ROOT [1] is a framework for data processing, born at CERN, at the heart of the research on high-energy physics. ROOT consists of multiple components such as I/O, a C++ interpreter, GUI, and math libraries. One of its tasks is to reduce the on-disk usage of physics data; a typical approach is to use various compression techniques. ROOT I/O subsystem supports data compression using common compression algorithms such as ZLIB, LZMA and LZ4.
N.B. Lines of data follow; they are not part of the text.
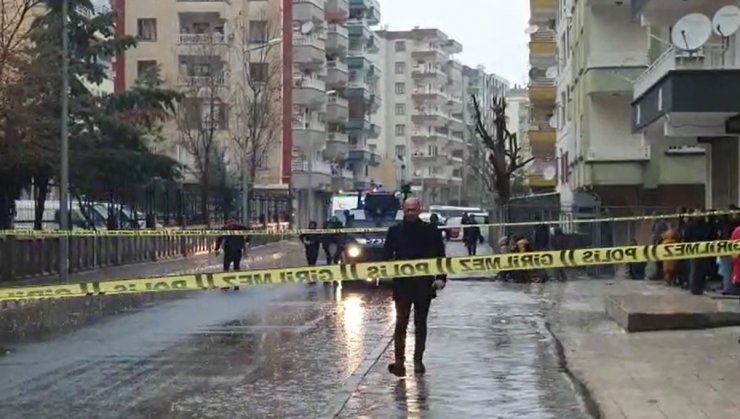 Diyarbakır’da sağanak, hayatı olumsuz etkiledi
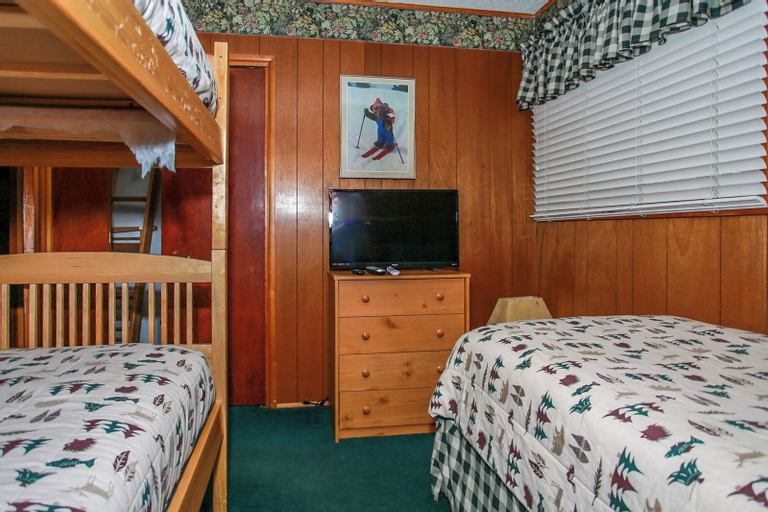 Bedroom 3, Avalon Hide OUT #1336, San Bernardino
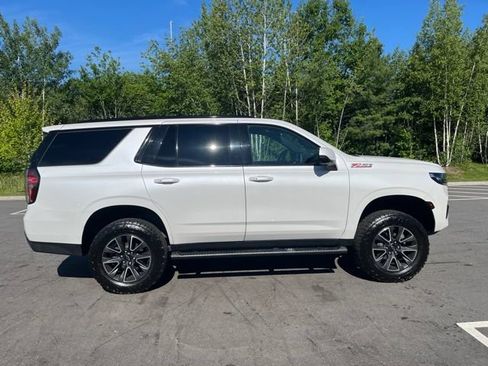 Used 2022 Chevrolet Tahoe Z71 w/ Luxury Package AWD/4WD image 6
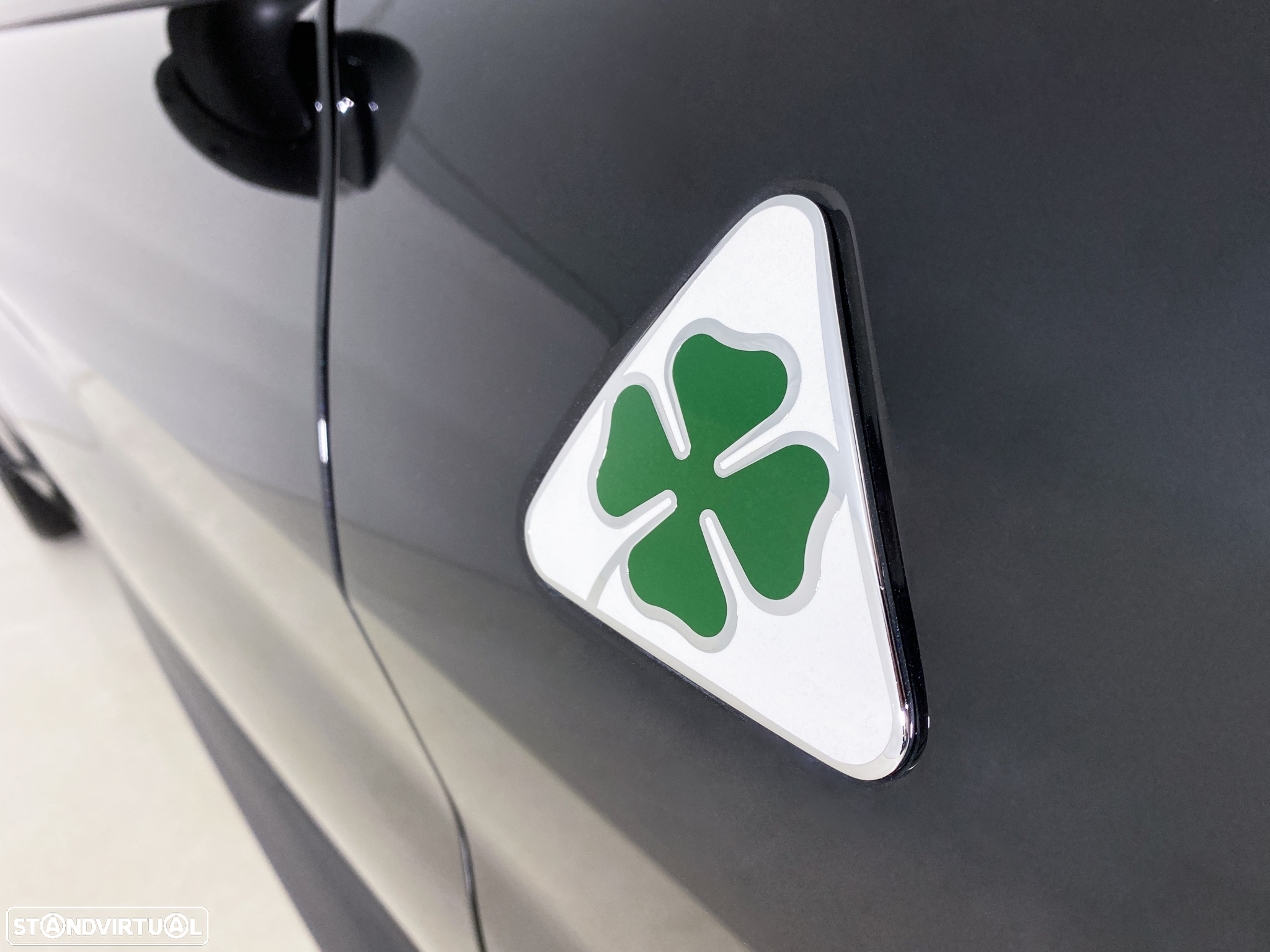 Alfa Romeo Giulia 2.9 Bi-Turbo Quadrifoglio AT8 - 25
Zstd [2] is interesting fast, a lossless compression algorithm that can offer higher compression ratios comparing to most LZ-based compression algorithms, such as ZLIB or LZMA. ZSTD offers higher decompression data rates, as it is shown in standalone benchmarks [3] tested by Facebook. Other ZSTD functionality includes a special training mode, used to tune the algorithm for specific data patterns. The result of this training is stored in a buffer (a dictionary) which must be loaded before compression and decompression. Use of these dictionaries significantly improves the compression ratio of small data buffers, as found in ROOT-formatted files.
This project is to investigate application of ZSTD within the ROOT framework; benchmark it in comparison to the other algorithms; test it against real LHC data files; and investigate schemes to integrate dictionary-based compression in ROOT files.
Investigate application of ZSTD within the ROOT framework, benchmark it against real LHC data files and investigate schemes to integrate dictionary-based compression in ROOT files.